**What to produce**.
Retype the listing below line for line, but only from the line with "Ortsschild von Gorsleben" down to the line with "FREE オフホワイト レディース_画像9", inclusive. Pictures stay out.

**Records for processing**.
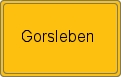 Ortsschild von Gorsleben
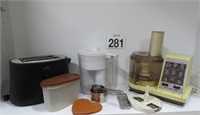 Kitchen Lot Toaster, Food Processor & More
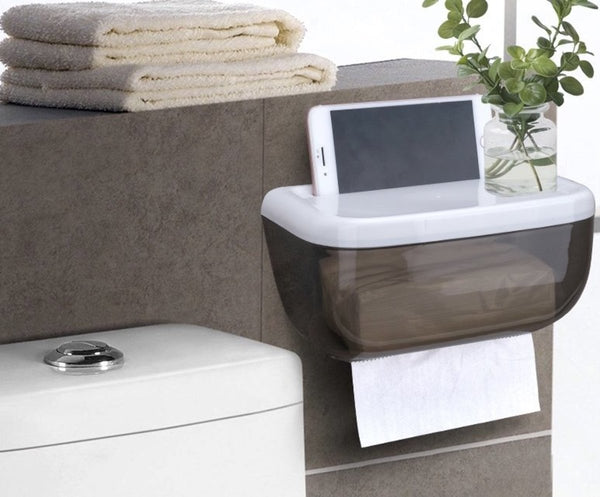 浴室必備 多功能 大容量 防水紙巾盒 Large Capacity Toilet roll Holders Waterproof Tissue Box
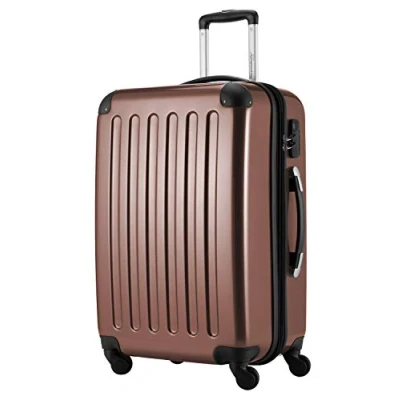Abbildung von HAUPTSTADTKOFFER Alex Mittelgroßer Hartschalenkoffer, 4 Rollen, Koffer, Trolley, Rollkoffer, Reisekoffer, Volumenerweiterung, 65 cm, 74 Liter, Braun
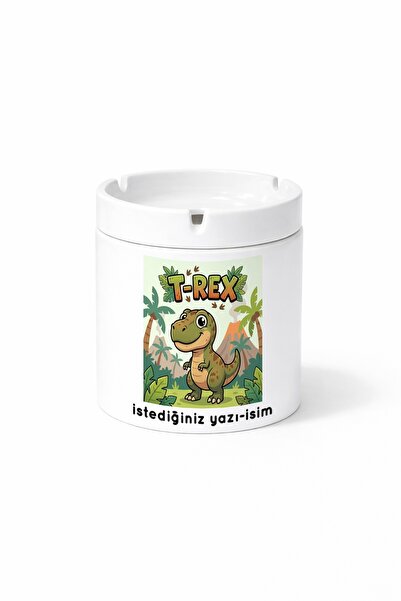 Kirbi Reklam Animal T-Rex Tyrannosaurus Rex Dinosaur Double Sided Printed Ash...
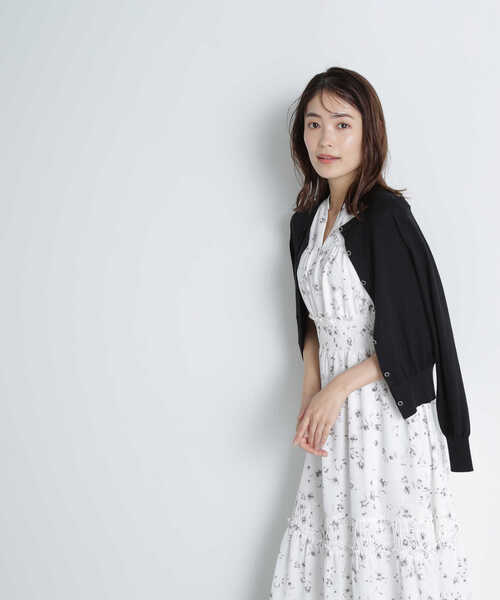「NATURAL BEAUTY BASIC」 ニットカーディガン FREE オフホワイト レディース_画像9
...
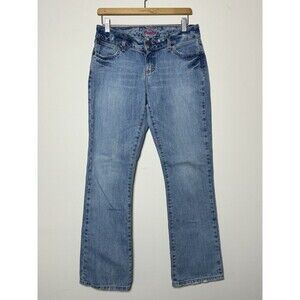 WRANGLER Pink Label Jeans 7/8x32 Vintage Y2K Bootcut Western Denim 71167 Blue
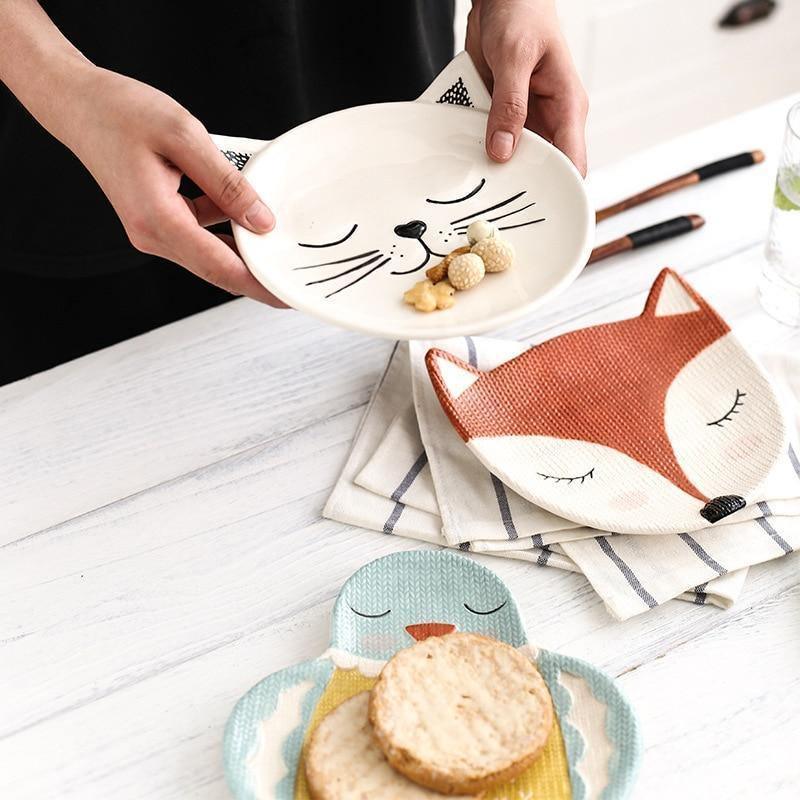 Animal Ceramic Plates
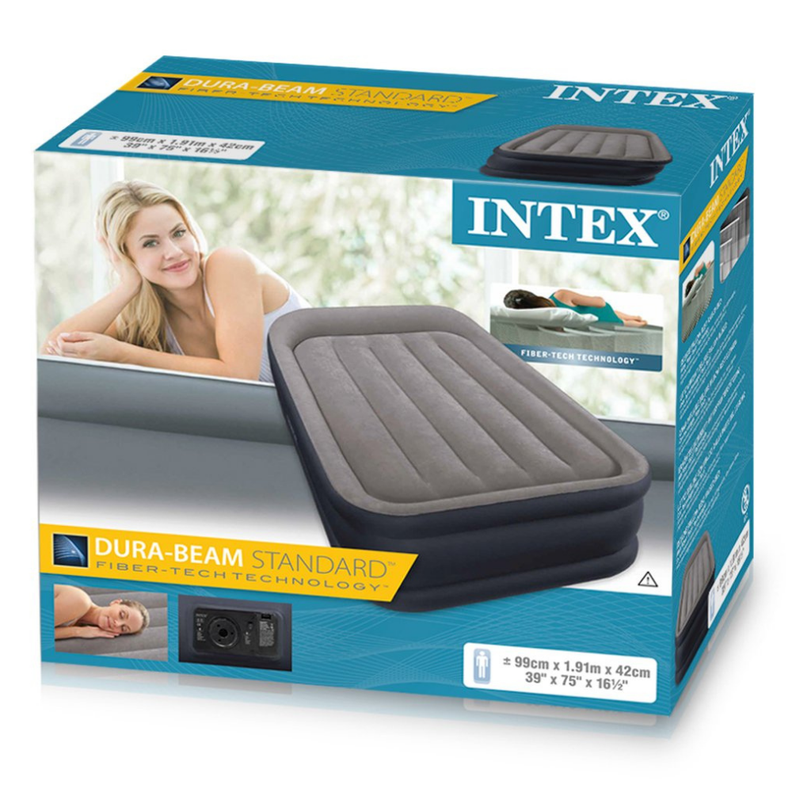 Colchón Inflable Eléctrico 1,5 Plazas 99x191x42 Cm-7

**Response for this exercise**.
 Ortsschild von Gorsleben
 Kitchen Lot Toaster, Food Processor & More
 浴室必備 多功能 大容量 防水紙巾盒 Large Capacity Toilet roll Holders Waterproof Tissue Box
Abbildung von HAUPTSTADTKOFFER Alex Mittelgroßer Hartschalenkoffer, 4 Rollen, Koffer, Trolley, Rollkoffer, Reisekoffer, Volumenerweiterung, 65 cm, 74 Liter, Braun
 Kirbi Reklam Animal T-Rex Tyrannosaurus Rex Dinosaur Double Sided Printed Ash...
「NATURAL BEAUTY BASIC」 ニットカーディガン FREE オフホワイト レディース_画像9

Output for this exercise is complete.